Six Canadian COVID-19 innovations receive $1M funding boosts
The grant program was launched in June to help physicians and medical learners scale up COVID-19 solutions
OTTAWA — On Sept. 14, Joule announced the names of six recipients wh would be receiving money through its COVID-19 Innovation grant program.
The grant program was launched in June to help physicians and medical learners scale up COVID-19 solutions. The recipients distinguished themselves from nearly 300 applications, and are sharing $1,000,000.
“COVID-19 has highlighted so many challenges and we’re excited to support innovative ideas that will protect patients and providers, improve care, and enhance support to those in need,” said Deborah Scott-Douglas, Joule president, in a prepared statement. “We believe recipients’ work has potential to have a huge impact in addressing some of the pandemic’s most pressing needs.”
Recipients were selected across three categories:
Supporting front-line health workers
Dr. Susan Ripley: A More Effective and Comfortable N95 Mask for Healthcare Workers
For an N95 mask to be 95% effective, it must fit tightly to the face; air flowing around the perimeter of the mask, makes it ineffective and increases the risk of COVID-19 infection. This tight seal makes N95s extremely uncomfortable to wear for long periods of time, even causing damage to health care workers’ faces. Ripley and the Takaya Technology Inc. team have designed an N95 mask that creates an effective seal, yet is comfortable enough to wear for an entire shift. A supplier has already expressed interest in collaboration or licensing their design and is in discussions with provincial and federal governments to raise awareness of their innovation.
Dr. Neil Naik: Local NFP Becoming Go-To Source for Reliable PPE
With shortages across the globe, securing personal protective equipment (PPE) has become essential to protect front-line workers and the community-at-large. Enter PPE Access Canada, a not-for-profit (NFP) committed to providing reliable and affordable access to PPE for front-line health care workers, NPOs/charitable organizations and regional agencies. First launched in Ontario’s Waterloo region, they have since signed up more than 280 organizations. PPE Access Canada is now working to scale up their initiative throughout the province with support from Ontario Health.
Dr. Heidi Britton: The First Universal Antimicrobial Coating
Britton and her team at Ionomr Innovations have developed a ground-breaking coating that can be used on hospital surfaces and fabrics to eliminate 99.99% of pathogens, including COVID-19. The coating — the first-ever permanently, positively-charged polymer called Aemion — can reduce the need for scheduled sanitization and disinfecting hard-to-sanitize areas, helping to lessen the risk of surface-based transmission and provide healthcare workers and patients greater peace of mind. The team is working to deploy Aemion for use in hospitals and public health clinics in the next 3-9 months.

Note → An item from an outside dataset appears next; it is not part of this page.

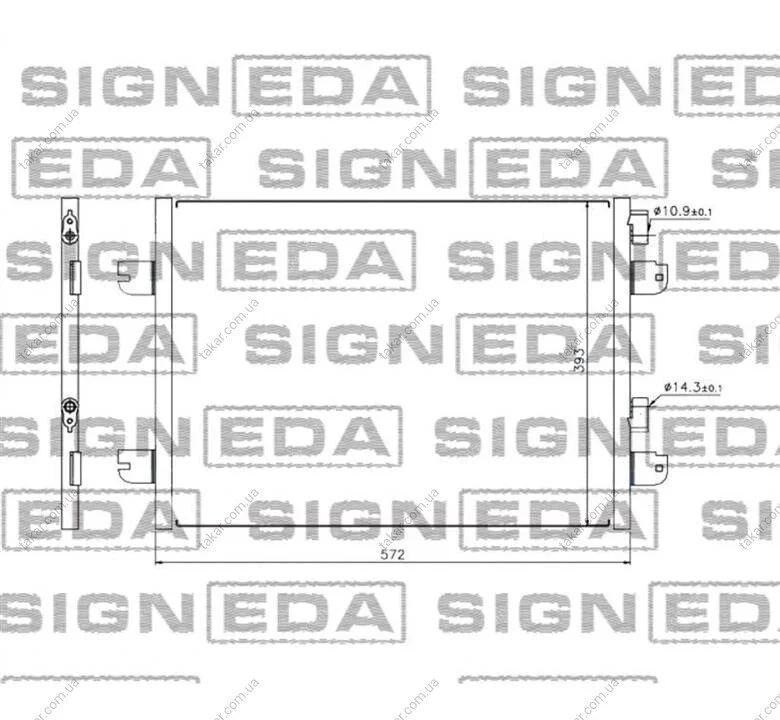 Радиатор кондиционера (Конденсатор) без осушителя Signeda RC94673 (фото 1)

Access to care during the COVID-19 pandemic
Dr. Joseph Ma: Ultra-Fast COVID-19 Disinfection Device
Ma and his team at Bionic-i Inc. developed a disinfection device to reduce the cleaning time needed between procedures. Many COVID-19 protocols, such as extensive decontamination procedures, have forced health care workers, clinics and hospitals to function at lower capacity — limiting patients’ access to care. In many cases, surgeries and other elective procedures have been deferred for 3 months or more, and waitlists continue to grow. The AI-based device operates autonomously and is flexible enough to disinfect a range of spaces, including hospitals and other clinical environments, as well as long-term care homes, schools and transit systems. The team is working to develop their device in Ontario in the next year and a half.

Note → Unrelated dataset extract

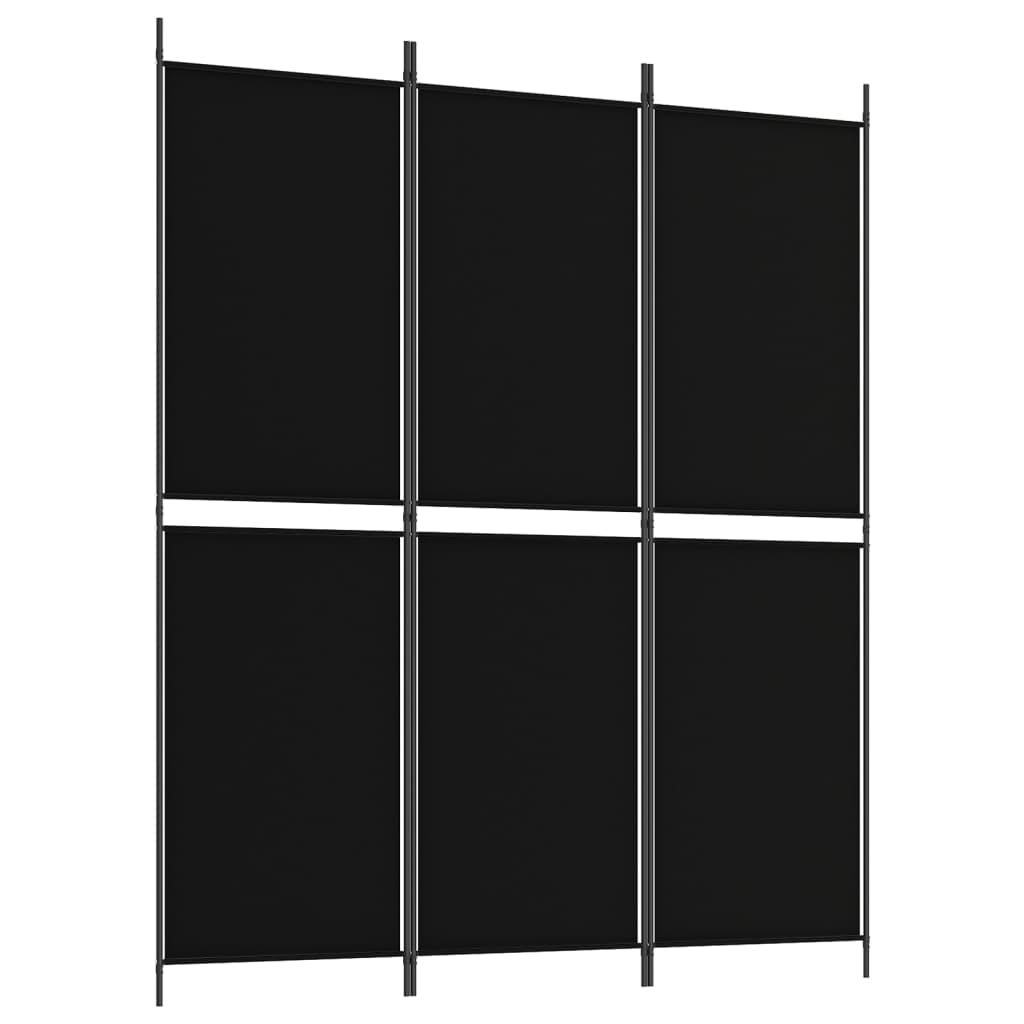 Black Polyester Fabric 3-Panel Folding Room Divider with Iron Frame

Dr. Peter Goldberg: The Race to Create a Low-Cost Ventilator
Is it possible to build a cost-effective, clinical grade ventilator that can be produced cheaply and easily, anywhere in the world? In March 2020, Goldberg and his team launched the SubK Sprint to find out. The sprint focused on developing designs for simple, low-cost, easy-to-manufacture and easy-to-maintain ventilators. Ventilators are expensive — low-cost models range between $5,000-$10,000 — and are unavailable in many care settings. The goal is to manufacture a low cost, winning design by November 2020 that meets all regulatory approvals. The plans to manufacture will then be shared on an open license for 18 months.
Population Health Solutions
Monisha Persaud: Medical Students Take on Senior Isolation
Persaud’s concern over senior isolation started with the heart-breaking experience of her own grandmother during the COVID-19 pandemic. Persaud and her fellow U of T medical students created the Student-Senior Isolation Prevention Partnership (SSIPP) to help older adults experiencing loneliness due to the pandemic. The SSIPP program pairs student volunteers with socially isolated seniors in their community — arranging weekly phone calls where students provide social comfort and improve health literacy about COVID-19. Since launching their program in March 2020, they have expanded to include 10+ university chapters nation-wide and over 500 student volunteers.